### Instructions to follow
In the records below, find the line holding "Topnatur Low Carb Kaše mandlová 25x60 g" and the line holding "Dice Masters –". Set down both, with every line between them, exactly.

### Dataset
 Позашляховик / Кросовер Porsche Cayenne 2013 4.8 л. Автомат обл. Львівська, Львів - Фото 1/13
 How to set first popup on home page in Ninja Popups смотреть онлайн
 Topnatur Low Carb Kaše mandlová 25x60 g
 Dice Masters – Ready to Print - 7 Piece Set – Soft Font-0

* * *

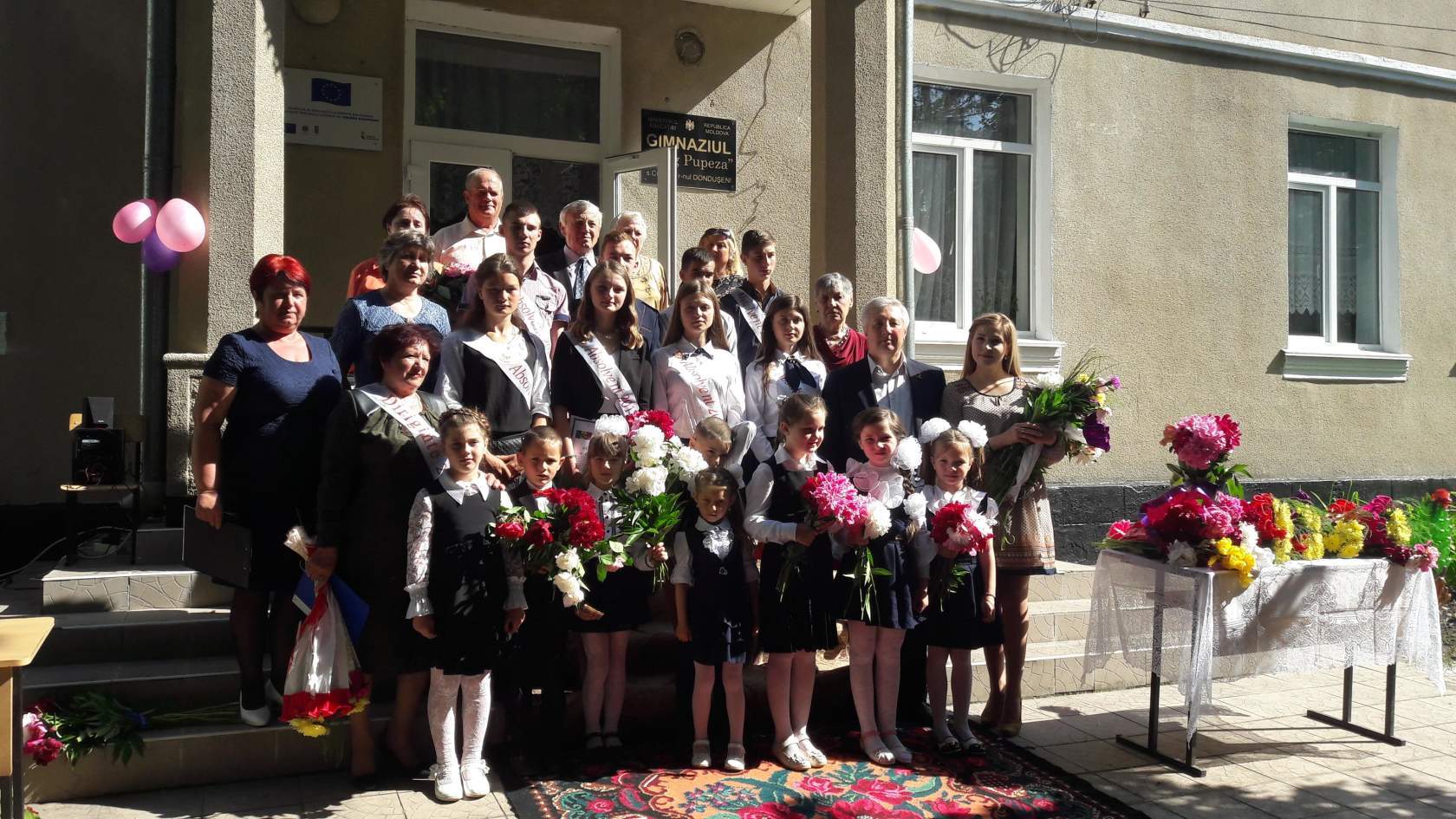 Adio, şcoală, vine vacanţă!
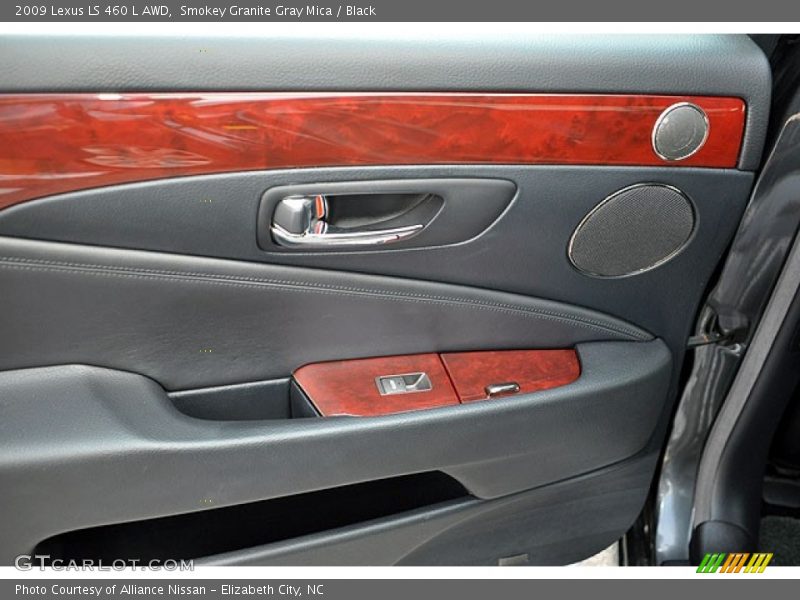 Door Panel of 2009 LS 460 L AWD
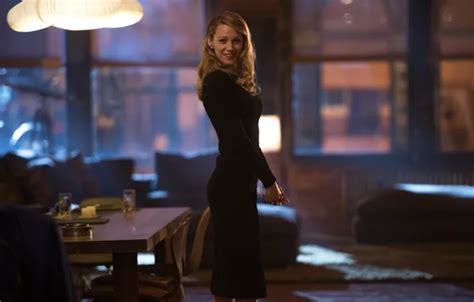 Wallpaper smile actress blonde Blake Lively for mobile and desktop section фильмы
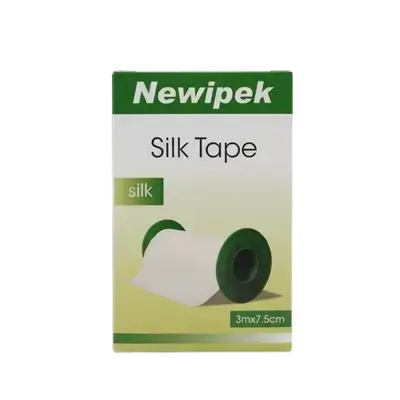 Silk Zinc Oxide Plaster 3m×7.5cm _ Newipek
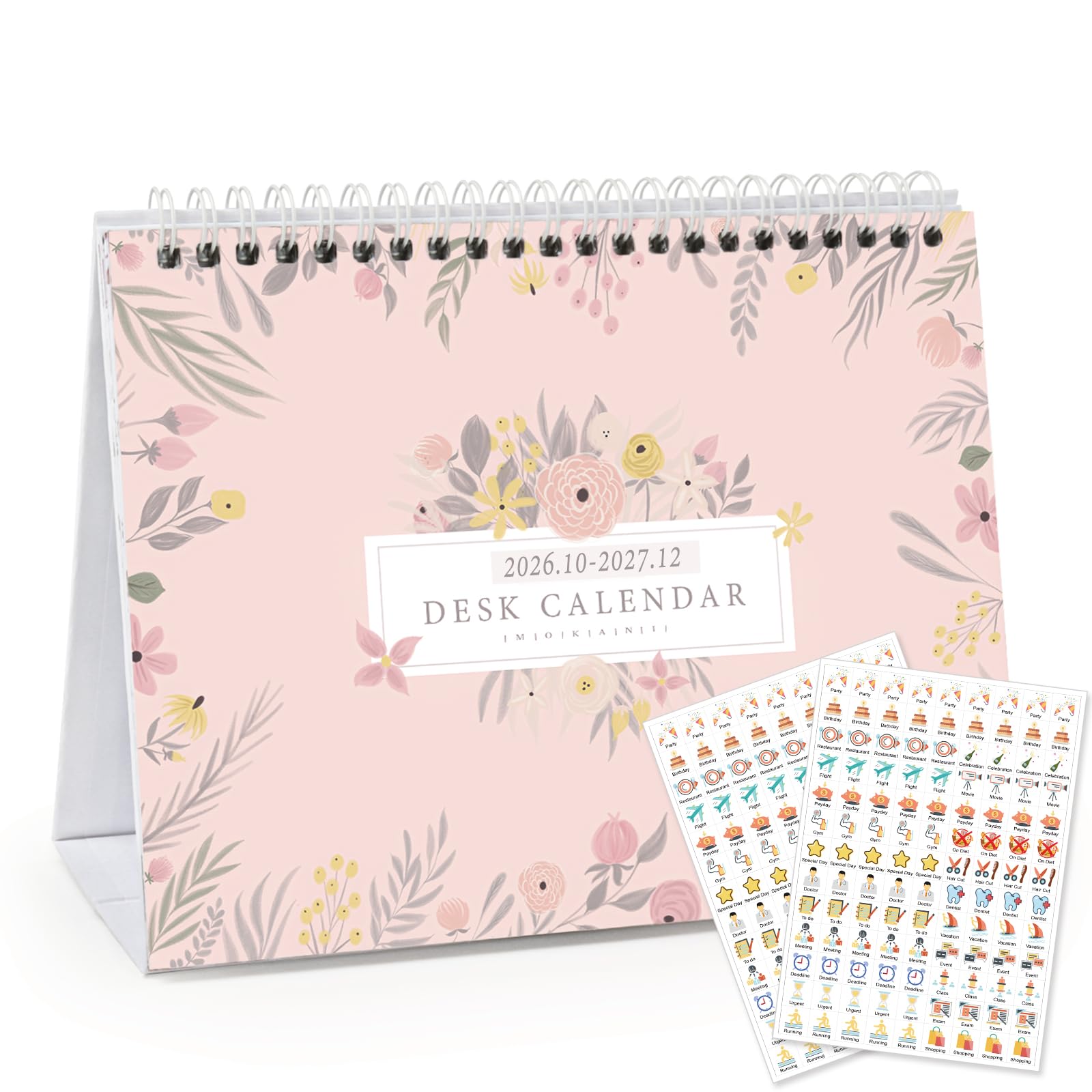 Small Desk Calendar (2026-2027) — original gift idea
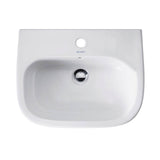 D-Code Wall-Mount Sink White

---

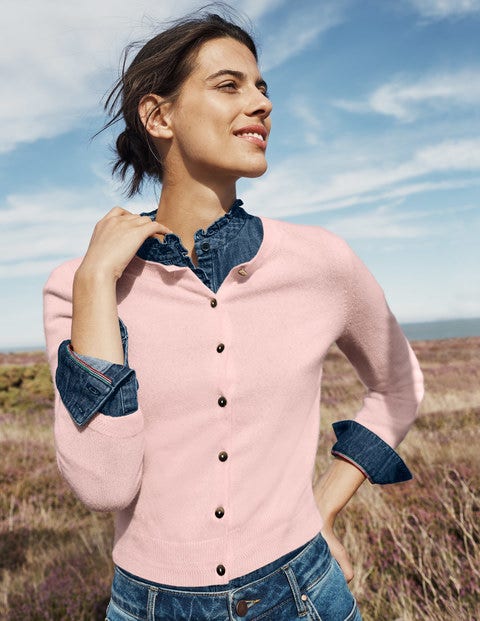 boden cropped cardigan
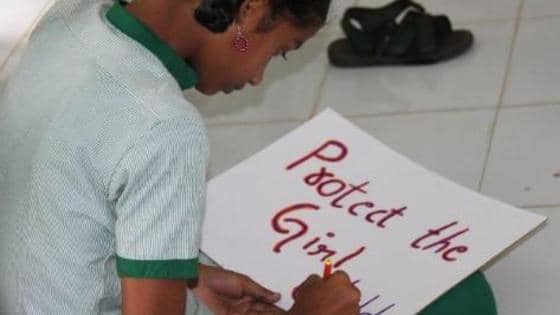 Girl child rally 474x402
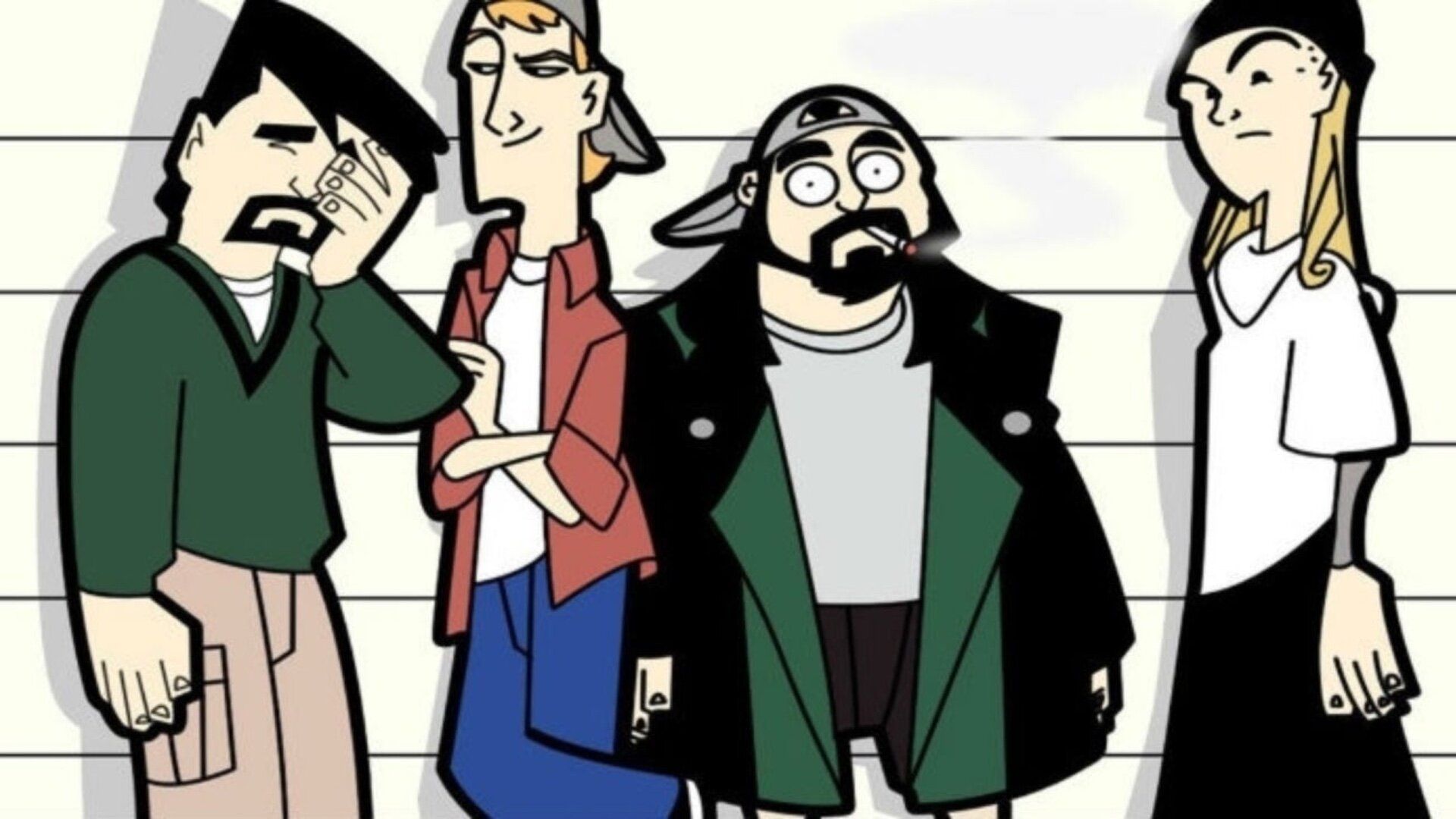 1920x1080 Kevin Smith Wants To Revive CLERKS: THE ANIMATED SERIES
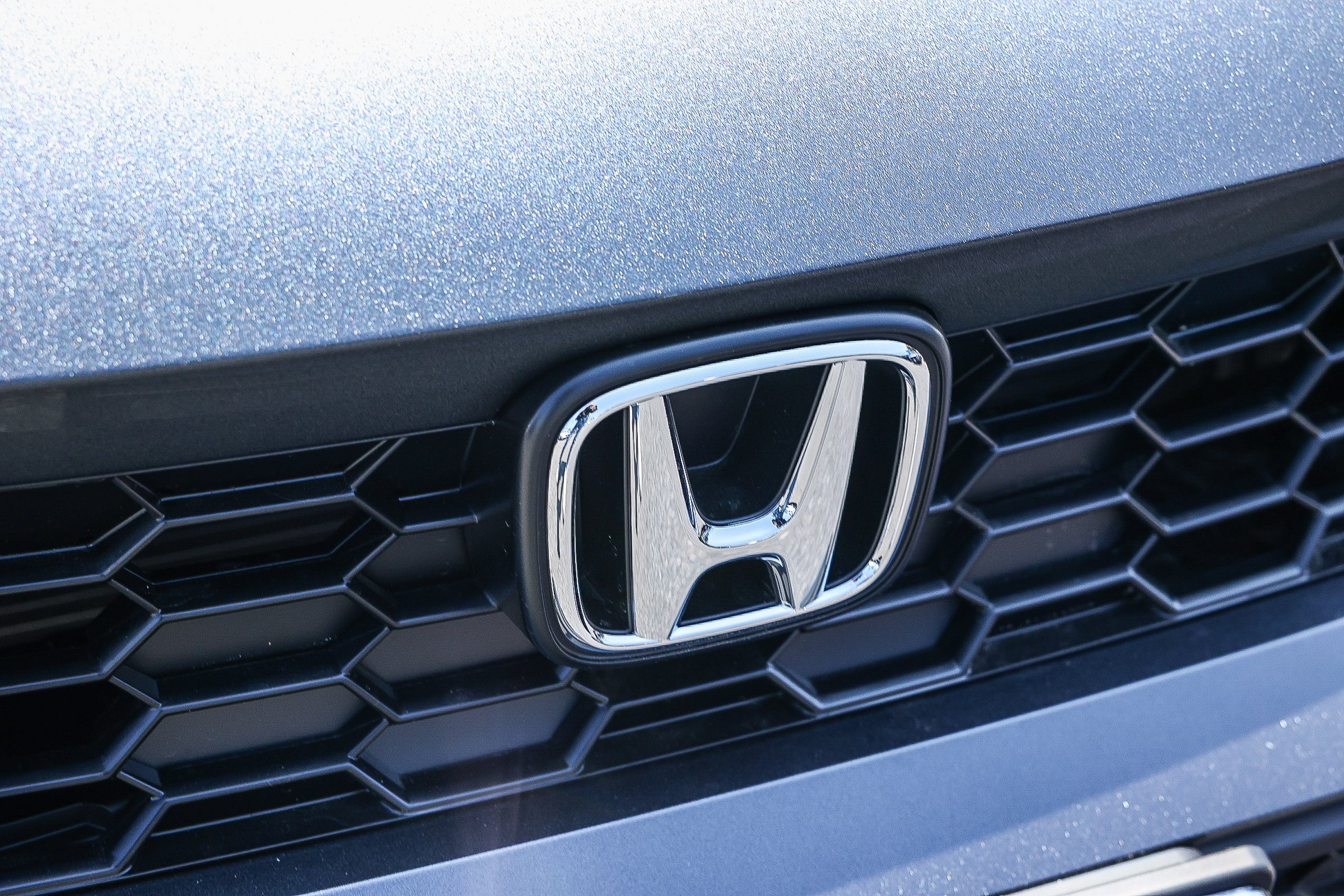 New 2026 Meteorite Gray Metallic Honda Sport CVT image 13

### Worked solution
 Topnatur Low Carb Kaše mandlová 25x60 g
 Dice Masters – Ready to Print - 7 Piece Set – Soft Font-0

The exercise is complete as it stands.